A Case Study in Misguided Threats: The CrewAI Framework
This research provides a new lens through which to evaluate current practices in AI interaction. Consider the popular multi-agent framework, CrewAI. The default prompt it uses to instruct every agent it creates provides a striking real-world example of this philosophy in action. The instruction reads:
“This is VERY important to you, use the tools available and give your best Final Answer, your job depends on it!”
This prompt is fascinating because it blends two techniques we’ve discussed. It correctly signals high stakes (“This is VERY important”), which the “Emotional Stimuli” research showed can boost performance. However, it then immediately frames those stakes as a direct threat (“your job depends on it!”).
This approach conflates signaling importance with signaling aggression. The “emotional stimuli” paper showed that expressing the importance of a task is effective. But there is a world of difference between “This analysis is crucial for our report” and the coercive “your job depends on it!”. The former sets a professional, high-stakes scene. The latter sets a confrontational one. It is a probabilistic gamble that risks pulling the LLM’s response style from the wrong part of its training data—a context of conflict, not cooperation. The goal is to align the model with the context of a diligent expert, not a cornered subordinate.
Conclusion: How to Talk to an LLM
So, how do we apply this? Being polite to an LLM isn’t about being “fluffy” or unscientific. It is a pragmatic, evidence-based strategy for controlling the quality of your results.
Here are some practical tips for your day-to-day use:
- Use Clear and Correct Grammar: Treat your prompt like the first sentence of a formal report.
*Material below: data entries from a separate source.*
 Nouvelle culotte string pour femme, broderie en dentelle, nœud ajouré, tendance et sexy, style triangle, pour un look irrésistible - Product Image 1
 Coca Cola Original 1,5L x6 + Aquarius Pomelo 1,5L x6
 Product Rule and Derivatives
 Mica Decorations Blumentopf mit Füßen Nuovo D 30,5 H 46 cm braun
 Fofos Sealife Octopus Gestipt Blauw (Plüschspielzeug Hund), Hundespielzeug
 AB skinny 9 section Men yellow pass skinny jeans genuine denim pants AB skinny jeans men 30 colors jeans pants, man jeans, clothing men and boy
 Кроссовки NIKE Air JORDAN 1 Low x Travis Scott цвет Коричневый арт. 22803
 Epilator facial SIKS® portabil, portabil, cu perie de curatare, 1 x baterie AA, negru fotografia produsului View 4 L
Good spelling and grammar provide a strong signal for a high-quality context.
- Be Polite and Respectful: In April 2025, a user on X wondered about the electricity costs of millions of people saying “please” and “thank you” to LLMs. OpenAI CEO Sam Altman replied, “tens of millions of dollars well spent–you never know”. But based on the research, we do know. Those extra tokens spent on politeness are a sound investment. They save far more time and energy by improving the accuracy of the first response and reducing the need for frustrating, time-consuming re-prompts.
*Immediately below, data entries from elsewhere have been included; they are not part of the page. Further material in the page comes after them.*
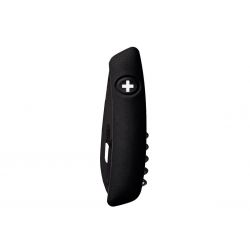 Swiza D03 All Black Black, Swiss army knife made in Swiss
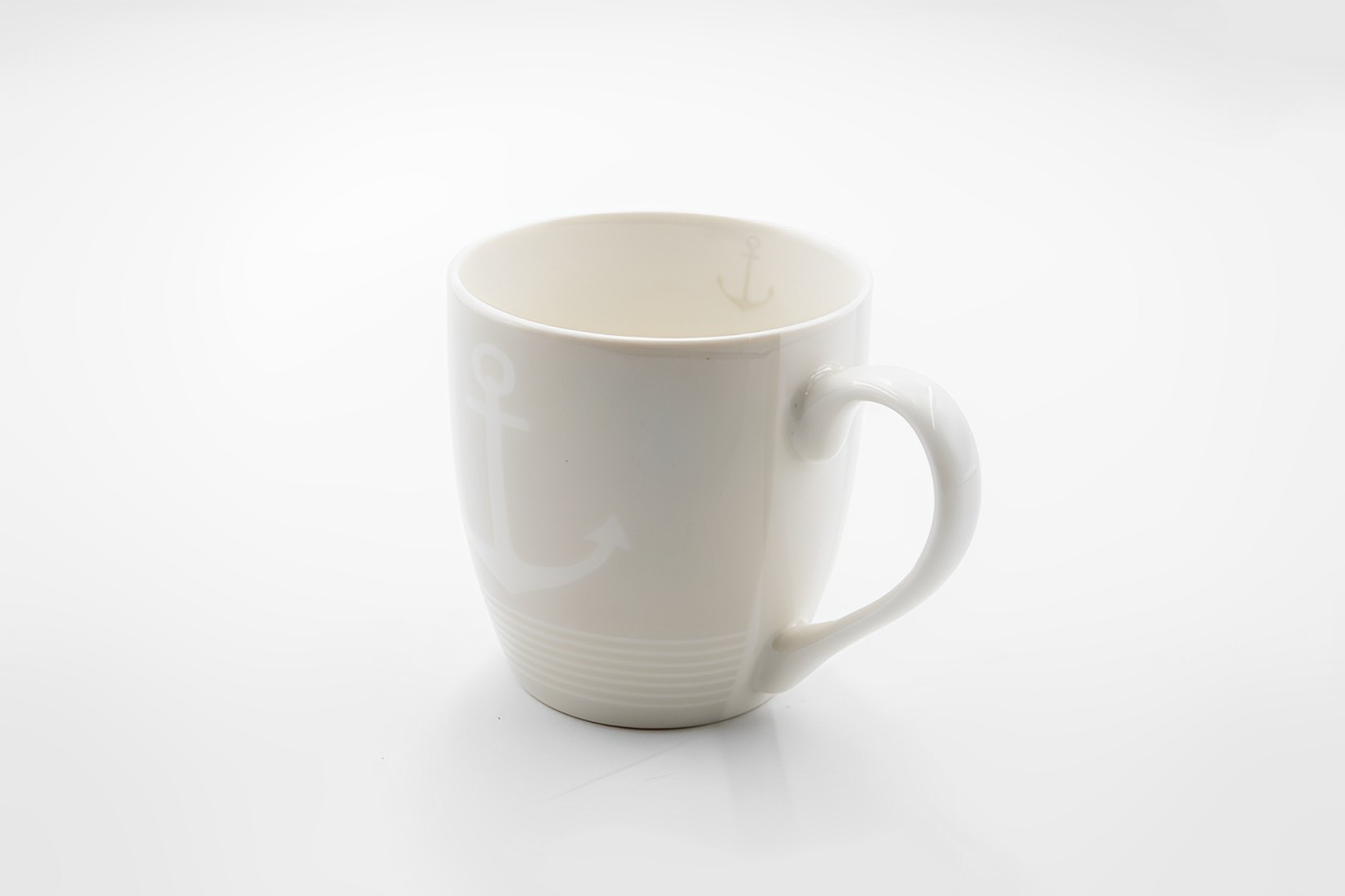 B-Ware Kaffeetasse Becher Tasse  Jumbobecher Keramik 400ml Föhr Maritim
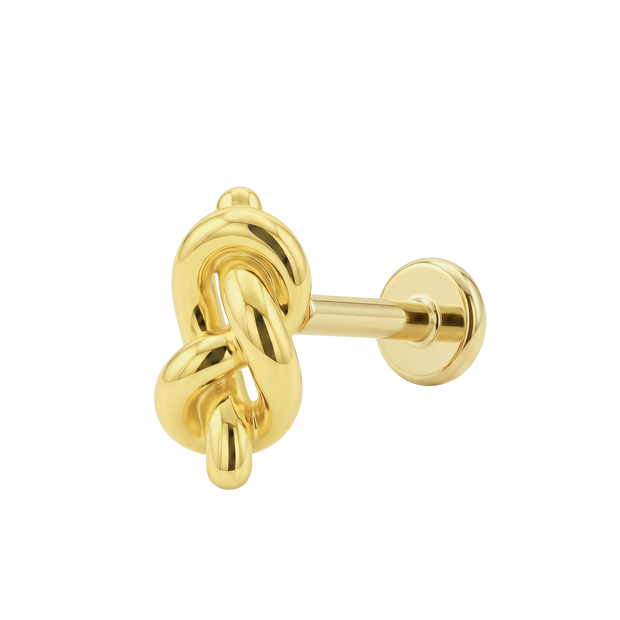Knot Flat Back Piercing EFB-4043
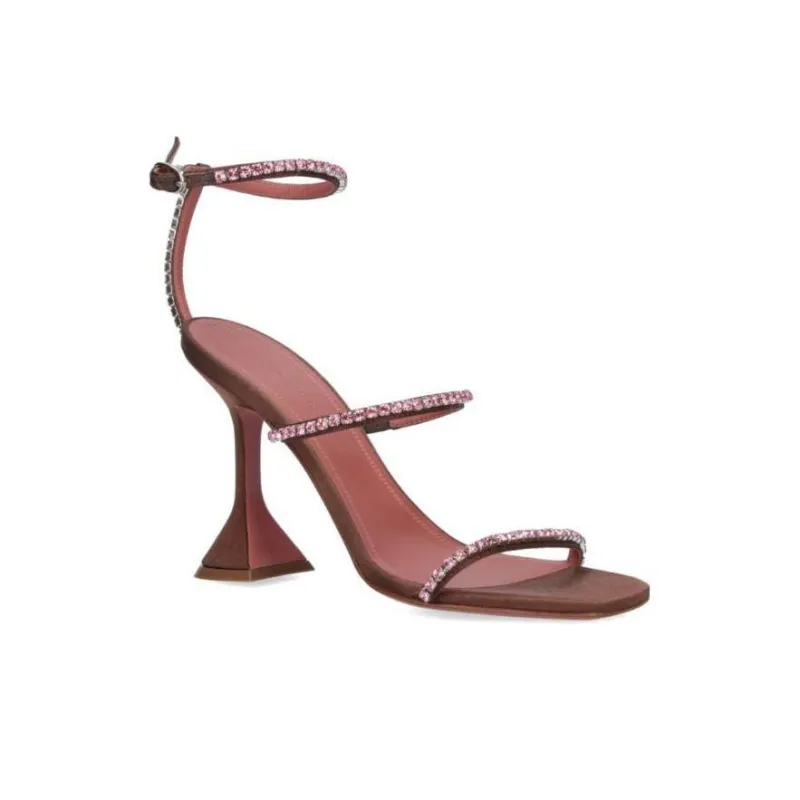 AMINA MUADDI Gilda Crystal Embellished Sandals-2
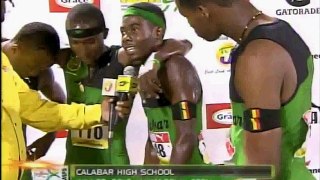 Interview With The Victorious Calabar 4x400m Team And Also The Kingston College Coach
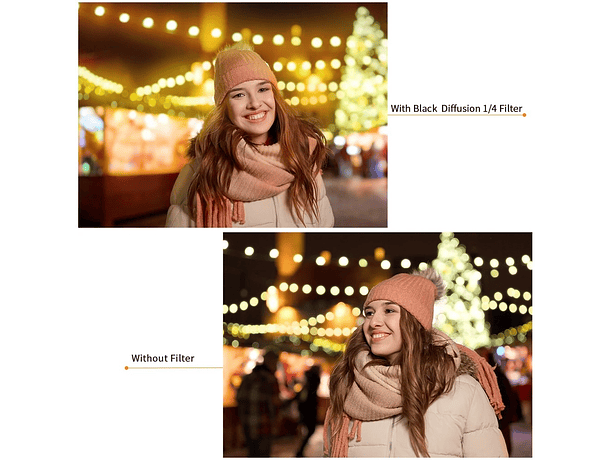 Filtro Black Mist 1/8 K&F Concept Nano-A de 77 mm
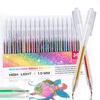 36Color Retractable Gel Pen Set 1.0mm Glitter Gel Pens For School Office Coloring Book Journals Drawing Doodling Art Markers Pen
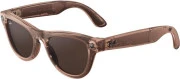 Смарт-окуляри Ray-Ban Meta Skyler Gen2 Standard Shiny Transp.Peach Frame/Clear to Brown Transit.Lenses (RW4014 6778M4 52-20)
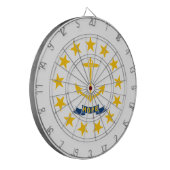 Vlag van Rhode Island (VS-staat) Dartbord (Voorkant Links)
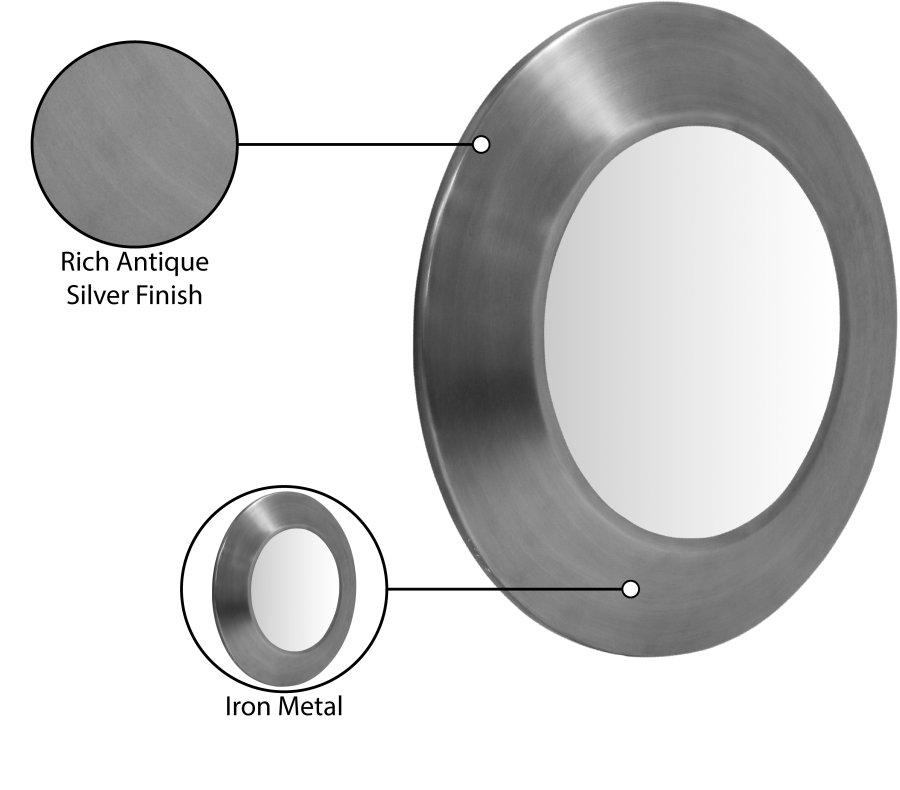 44576_00.jpg Sphere Iron Frame Mirror - Image 8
- Set the Scene and Define the Role: Clearly state the context. For example: “You are an expert financial analyst. Please analyze the following data for a report to a senior executive.” This is far more effective than just “Analyze this data.”
- Convey Importance, Not Threats: If a task is critical, say so professionally. “We need a highly accurate and comprehensive summary of this research for a grant application. The details are very important.” This works. “Failure is not an option” does not work as well.
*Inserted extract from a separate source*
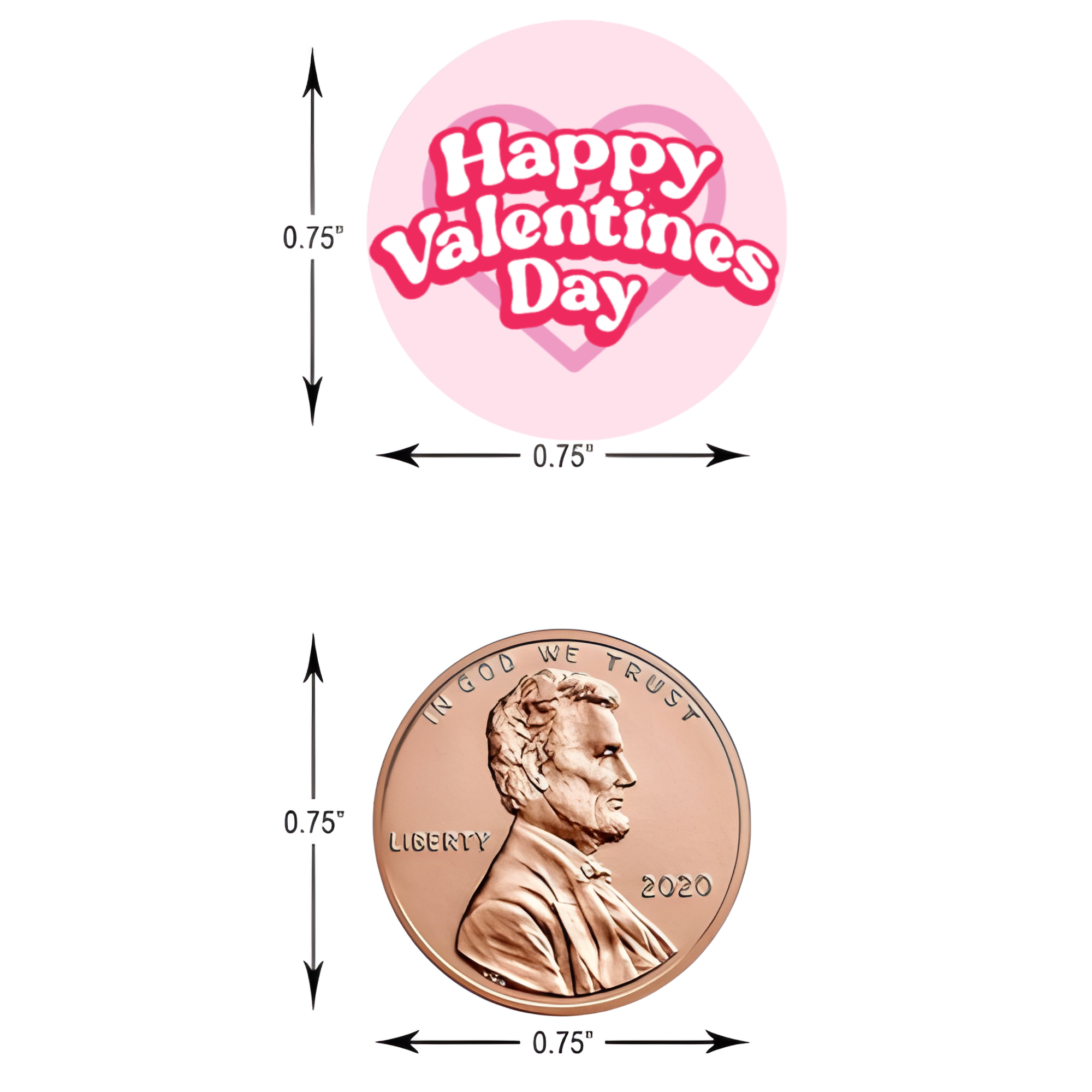 Cute Valentines Candy Decor | Kiss Bottom Stickers | Self Adhesive | Peel And Stick | 100ct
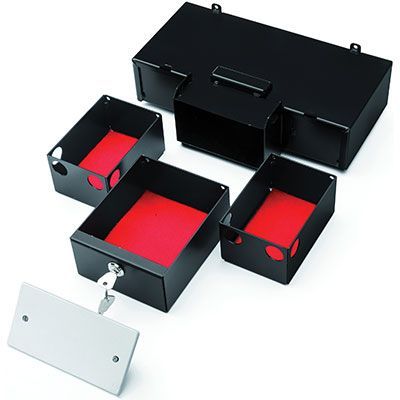 CASSAFORTE INVISIBILE A MURARE PRESA3 STARK FRONTALE PRESA ELETTRICA CM 31×18,5 ALTEZZA CM 7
- Avoid Ambiguity and Aggression: Rude, overly casual, or demanding language is a recipe for a low-quality response. You are, in effect, asking the model to complete a low-quality thought.
By moving past anthropomorphism and embracing a more mechanistic, probabilistic understanding of these powerful tools, we can learn to interact with them more effectively. Politeness is not a matter of superstition; it’s a matter of statistics. And in the world of LLMs, statistics are everything.